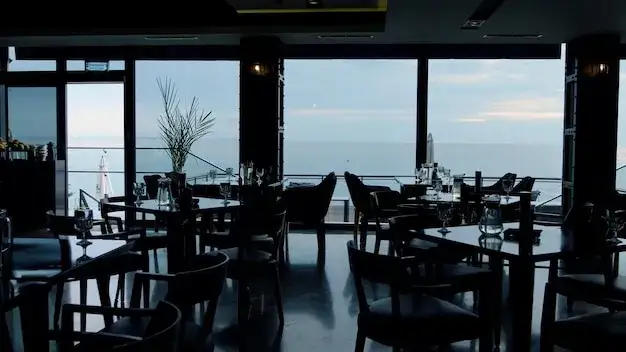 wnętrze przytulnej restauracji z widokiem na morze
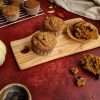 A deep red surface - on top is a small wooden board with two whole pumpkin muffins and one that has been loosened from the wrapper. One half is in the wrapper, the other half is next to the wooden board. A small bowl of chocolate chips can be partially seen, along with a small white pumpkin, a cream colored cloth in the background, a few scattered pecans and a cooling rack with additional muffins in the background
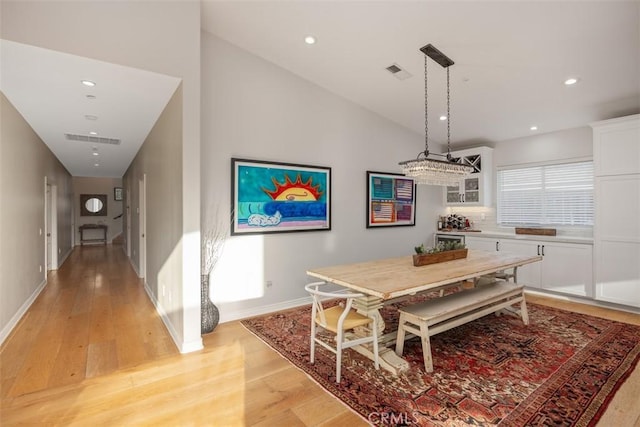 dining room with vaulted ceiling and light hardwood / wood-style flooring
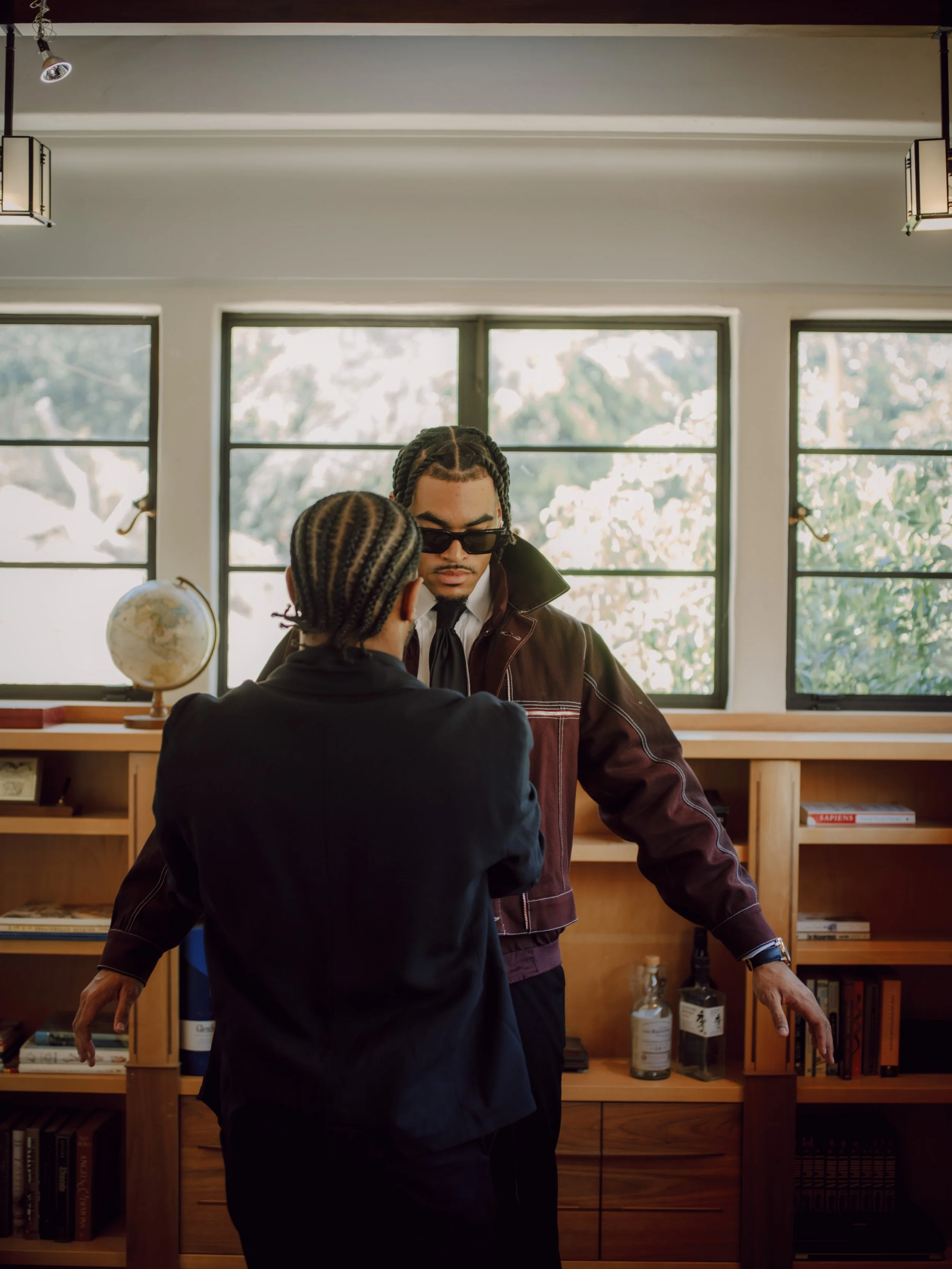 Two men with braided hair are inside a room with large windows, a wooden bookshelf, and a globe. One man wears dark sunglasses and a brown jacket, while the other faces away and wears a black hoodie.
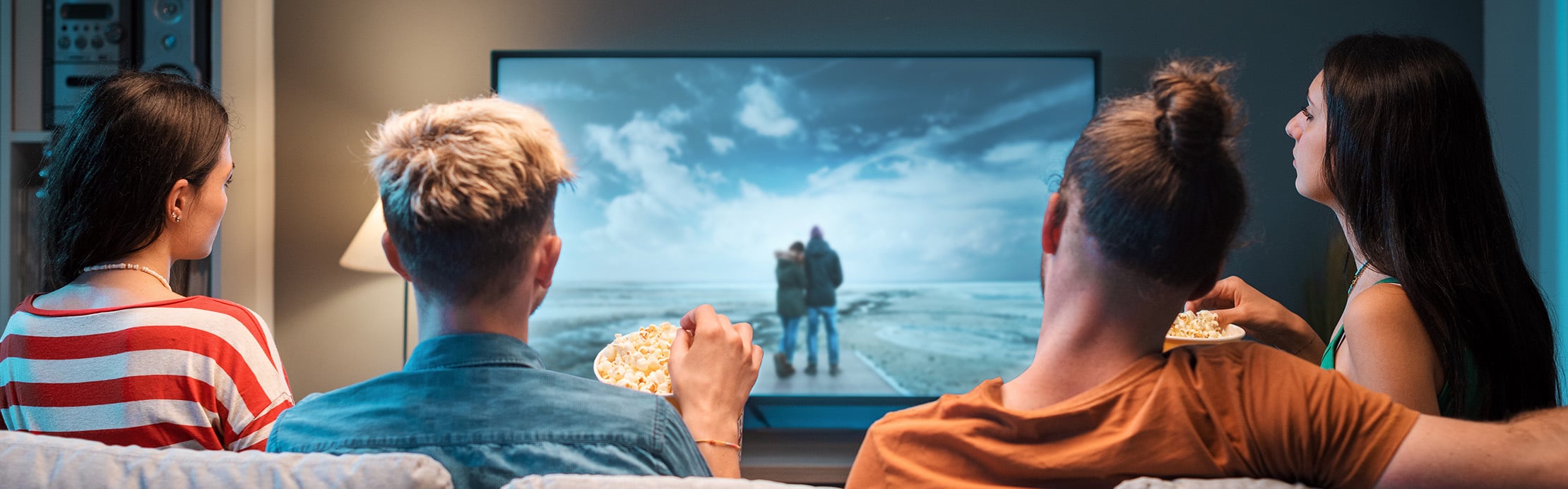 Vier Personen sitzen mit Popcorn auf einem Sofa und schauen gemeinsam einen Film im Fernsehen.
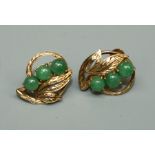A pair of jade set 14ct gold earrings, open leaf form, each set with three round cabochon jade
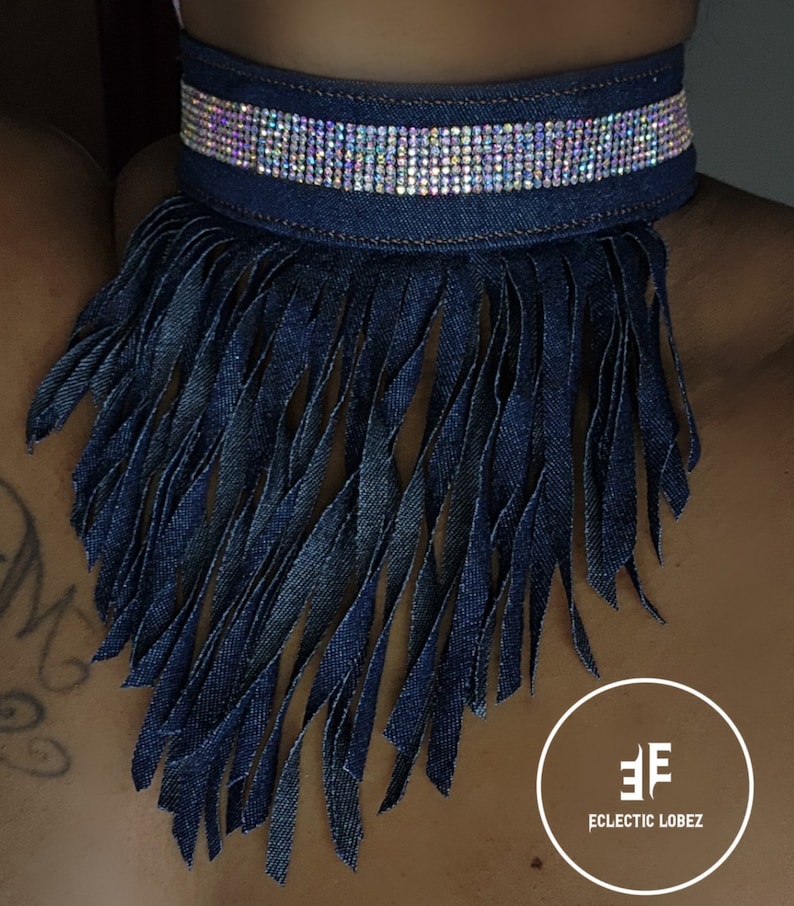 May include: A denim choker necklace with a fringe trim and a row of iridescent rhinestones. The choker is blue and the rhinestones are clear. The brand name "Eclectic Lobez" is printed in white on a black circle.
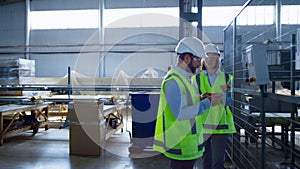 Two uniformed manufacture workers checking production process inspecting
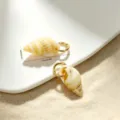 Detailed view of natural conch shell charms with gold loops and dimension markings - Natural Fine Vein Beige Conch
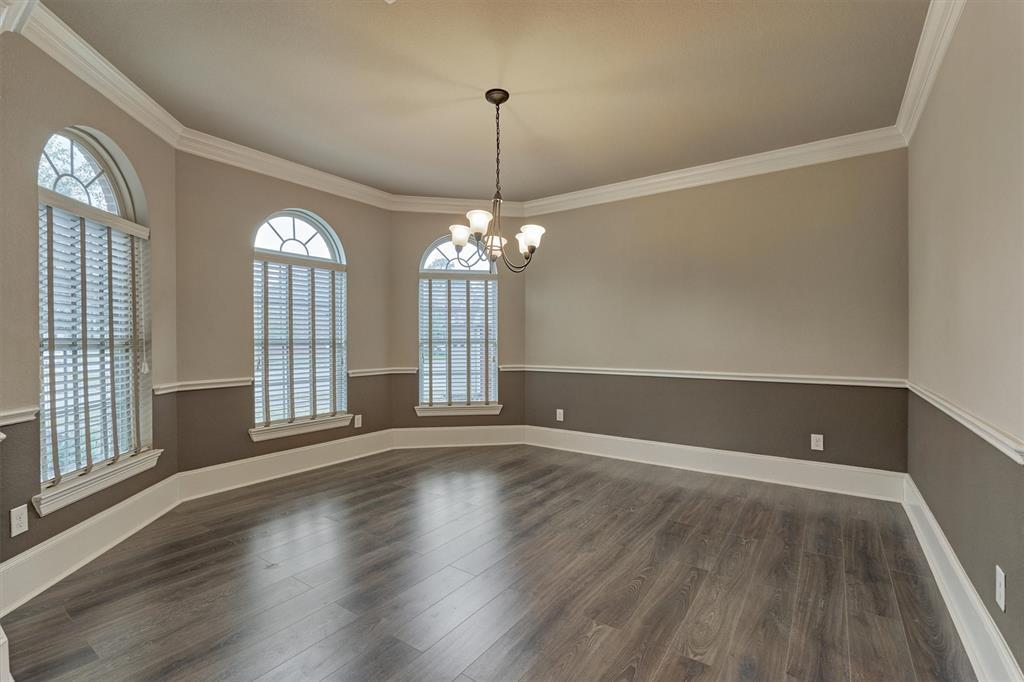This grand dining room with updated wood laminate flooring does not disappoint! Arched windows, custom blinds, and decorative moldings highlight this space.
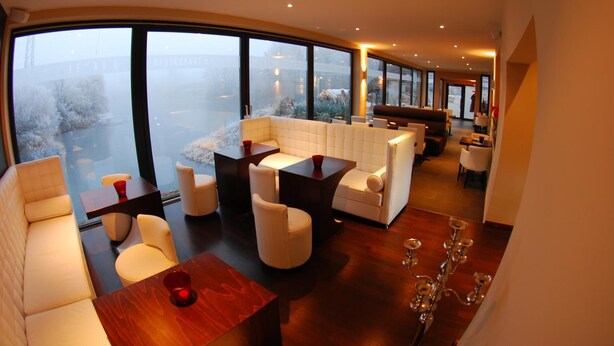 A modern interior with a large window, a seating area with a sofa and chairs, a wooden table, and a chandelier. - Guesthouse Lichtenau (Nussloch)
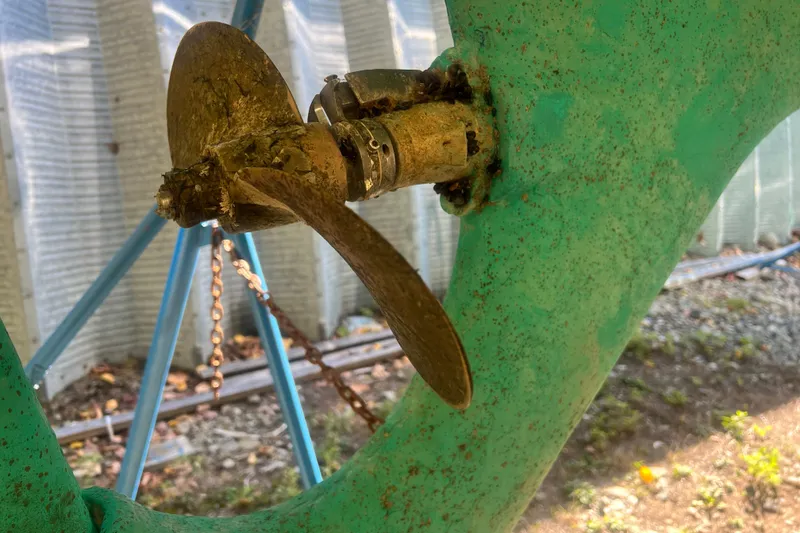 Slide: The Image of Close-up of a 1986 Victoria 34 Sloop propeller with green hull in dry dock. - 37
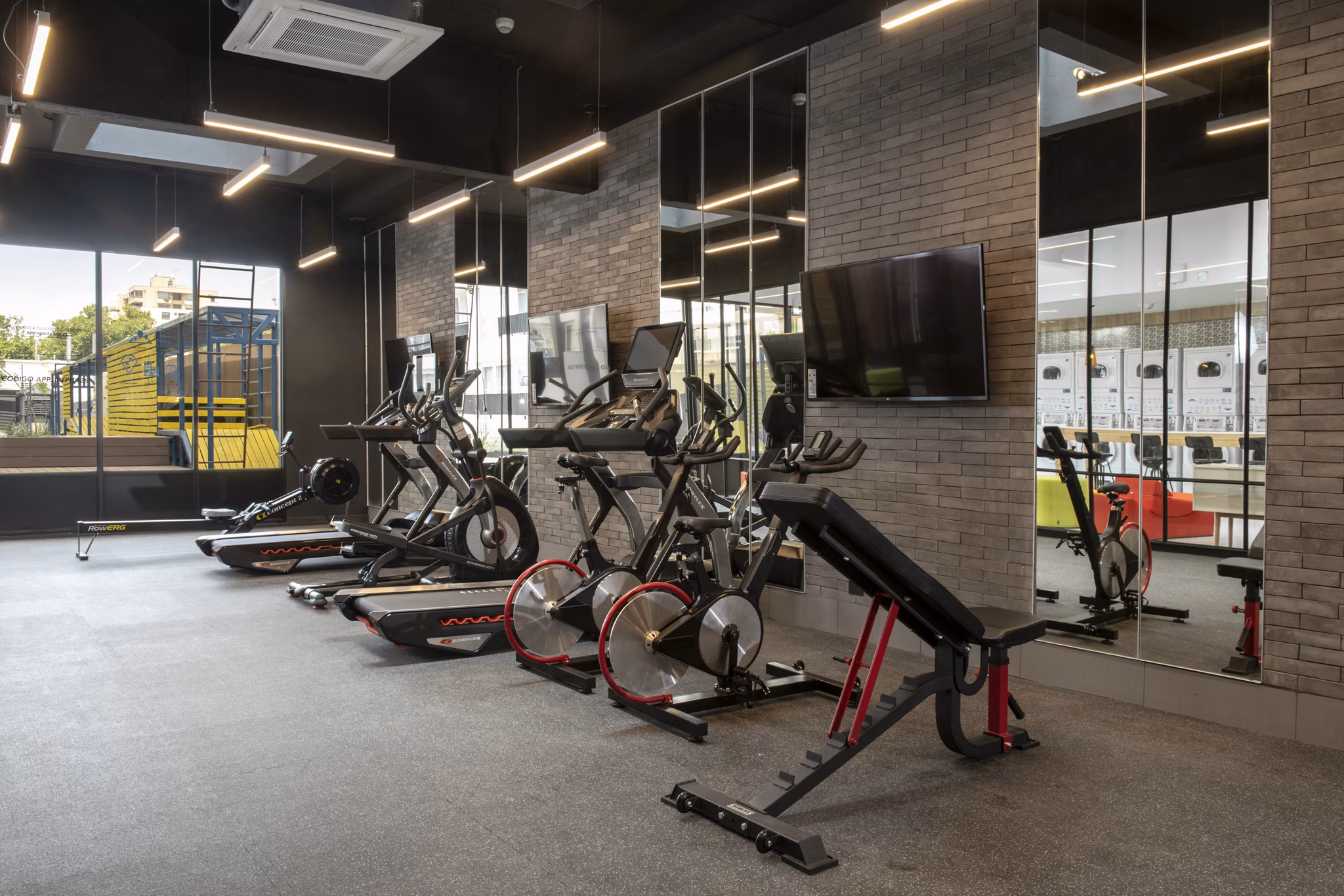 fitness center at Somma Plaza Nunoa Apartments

**Exercise prompt**.
Each line from the one with "Detailed view of" to the final line of the data above is to be printed exactly; no picture should appear in the copy.

**Answer**.
 Detailed view of natural conch shell charms with gold loops and dimension markings - Natural Fine Vein Beige Conch
This grand dining room with updated wood laminate flooring does not disappoint! Arched windows, custom blinds, and decorative moldings highlight this space.
 A modern interior with a large window, a seating area with a sofa and chairs, a wooden table, and a chandelier. - Guesthouse Lichtenau (Nussloch)
 Slide: The Image of Close-up of a 1986 Victoria 34 Sloop propeller with green hull in dry dock. - 37
 fitness center at Somma Plaza Nunoa Apartments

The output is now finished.